Both tilapia and Malawi cichlid SWS2a and SWS2b opsins cluster independently with 100% bootstrap scores (fig. 2C). Cichlid SWS2a and SWS2b opsin genes cluster with killifish/medaka SWS2a and SWS2b with bootstrap support of 55% and 97%, respectively. The SWS2 tree, as reported, parallels the Rh2 tree, with gene duplication events occurring near the base of the Paracanthopterygian/Acanthopterygian radiation. However, the topology of the SWS2 tree suggests that the SWS2a/SWS2b split occurred after the divergence from cod, in contrast to the Rh2a/Rh2b split, although the modest bootstrap value (67%) cannot rule out the possibility that the duplication that led to SWS2a and SWS2b predates the Paracanthopterygii/Acanthopterygii divergence. The SWS2 tree is consistent with previous studies of SWS2 opsin genes (Carleton and Kocher 2001; Neafsey and Hartl 2005; Matsumoto et al. 2006).

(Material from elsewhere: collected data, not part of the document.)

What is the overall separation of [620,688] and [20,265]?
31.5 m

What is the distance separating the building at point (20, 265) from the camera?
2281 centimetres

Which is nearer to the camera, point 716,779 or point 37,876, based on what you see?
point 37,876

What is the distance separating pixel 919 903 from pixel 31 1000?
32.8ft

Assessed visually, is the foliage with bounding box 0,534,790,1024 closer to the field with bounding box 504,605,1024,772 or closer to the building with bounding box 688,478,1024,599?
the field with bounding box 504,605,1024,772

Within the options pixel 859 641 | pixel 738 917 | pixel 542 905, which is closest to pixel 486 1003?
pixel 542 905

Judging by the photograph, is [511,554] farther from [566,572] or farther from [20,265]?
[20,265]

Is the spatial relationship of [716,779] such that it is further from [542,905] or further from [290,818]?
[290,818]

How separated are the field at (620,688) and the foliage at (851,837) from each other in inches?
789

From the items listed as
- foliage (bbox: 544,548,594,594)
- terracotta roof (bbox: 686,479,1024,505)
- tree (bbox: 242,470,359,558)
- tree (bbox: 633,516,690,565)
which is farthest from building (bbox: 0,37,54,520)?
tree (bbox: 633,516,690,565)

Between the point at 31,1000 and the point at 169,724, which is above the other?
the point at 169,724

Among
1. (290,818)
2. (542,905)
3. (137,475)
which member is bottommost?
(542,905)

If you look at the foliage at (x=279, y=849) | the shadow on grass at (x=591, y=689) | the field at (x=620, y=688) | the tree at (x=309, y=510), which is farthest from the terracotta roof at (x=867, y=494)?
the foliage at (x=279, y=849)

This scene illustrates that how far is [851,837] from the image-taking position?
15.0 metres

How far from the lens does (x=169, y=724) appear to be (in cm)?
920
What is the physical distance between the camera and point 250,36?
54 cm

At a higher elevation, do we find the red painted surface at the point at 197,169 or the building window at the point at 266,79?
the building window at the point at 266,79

No new duplication events were observed or inferred among SWS1 opsins. Further, SWS1 gene relationships are in agreement with those of previous studies of SWS1 opsin duplications (Minamoto and Shimizu 2005). We are aware that gene conversion could have had an impact on the number of apparent gene duplication events and hence on the branching patterns of many of the noncichlid duplicates in SWS1, LWS, and Rh2 trees, although we did not test for this.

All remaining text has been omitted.